Yes, cops can still pistol whip people and can still use their billy clubs. But police officers have to file reports each time their guns are drawn (I'd love to see that report: 23:14 hours, pistol withdrawn from holster; suspect detained through use of pistol "whip" technique...).

Also, billy clubs are actually MADE to club people with. That is their purpose. Guns are made to threaten and inflict harm or defend if necessary. These tools are essential to protect the safety and to maintain the authority that police officers have.

Guns have to be metal (ceramics notwithstanding). They have to contain bullets. Billy clubs have to be appropriately "billy-club-ish." Flashlights, on the other hand, don't have to be metal and are meant to do anything more that cast light. If plastic can do the same thing, then why is this such an issue, especially if it takes another means of abuse out of the hands of bad cops without hindering the ability of good cops to use the flashlight for what it is meant for.
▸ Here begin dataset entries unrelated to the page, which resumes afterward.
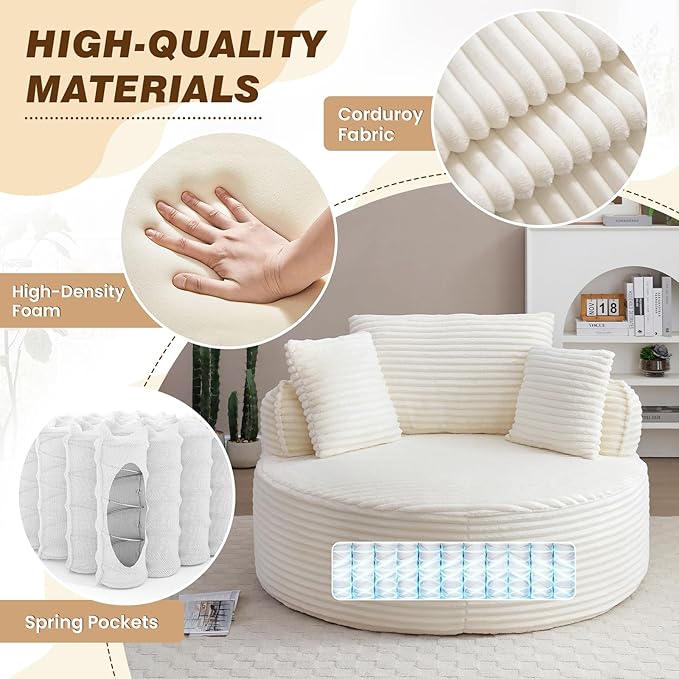 53"W Oversized Round Chaise Longue Chair Indoor,Corduroy Fluffy Comfy Cloud Chair,Circle Bean Bag Sofa with Foam Filling & Pillows,Boneless Reading Cozy Sofa Chairs for Living Room,Bedroom,White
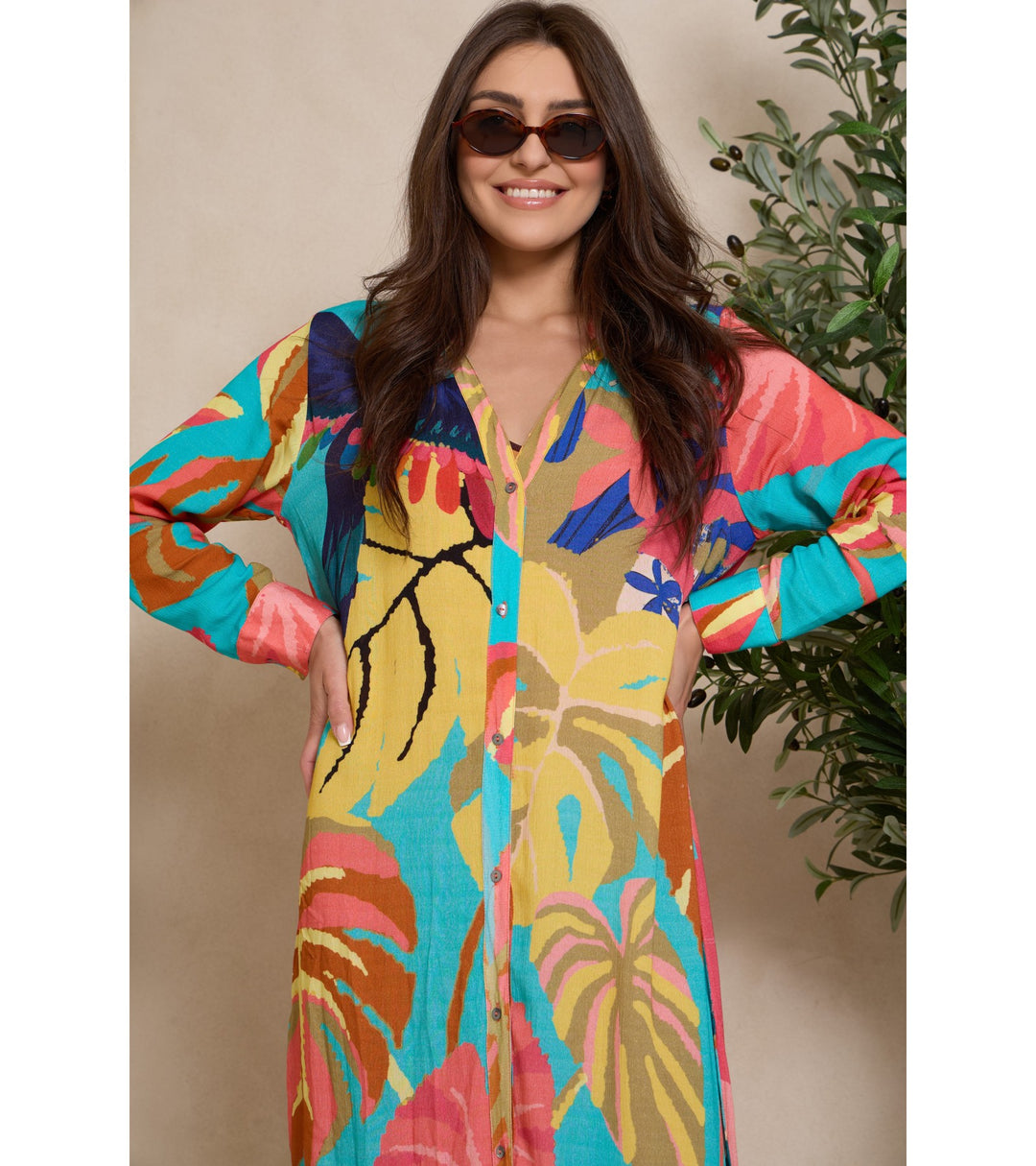 Tropical Buttoned Kaftan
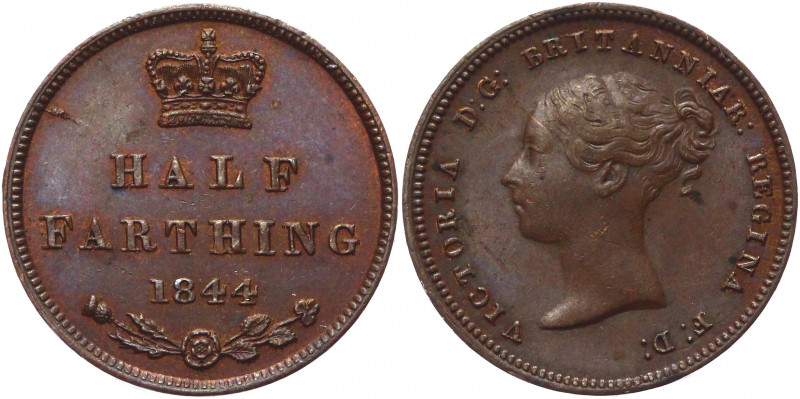 Great Britain Half Farthing 1844
KM# 738; Copper 2.36g.; Victoria; AUNC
As I said in my first post, you aren't going to eradicate abuse by creating penalties - in all likelihood, these cops probably believe that they are above the law in this respect. Second, you aren't going to eradicate abuse through other means (pistol whipping) without a paradigm shift in the mind-set of abusive cops. Therefore, why not take some temptation away from those abusive cops by replacing their metal flashlights with plastic ones? If it leads to one less beating without any loss of reliable performance by the flashlight, then it is an undeniably good thing.

If cops begin pistol whipping or billy-clubbing people instead, then the problem will only have shifted. But this shift is indicative (in my mind) of the fact that the behavior CANNOT be regulated or eradicated (i.e. these abusers are going to find something with which to beat people, no matter what). I don't know what the next step is (b/c you can't take guns out of cops hands, and there probably is no good substitue for a billy club - except mace or tasers), but it seems that taking huge, heavy metal flashlights is a step in the right direction, if only a small one.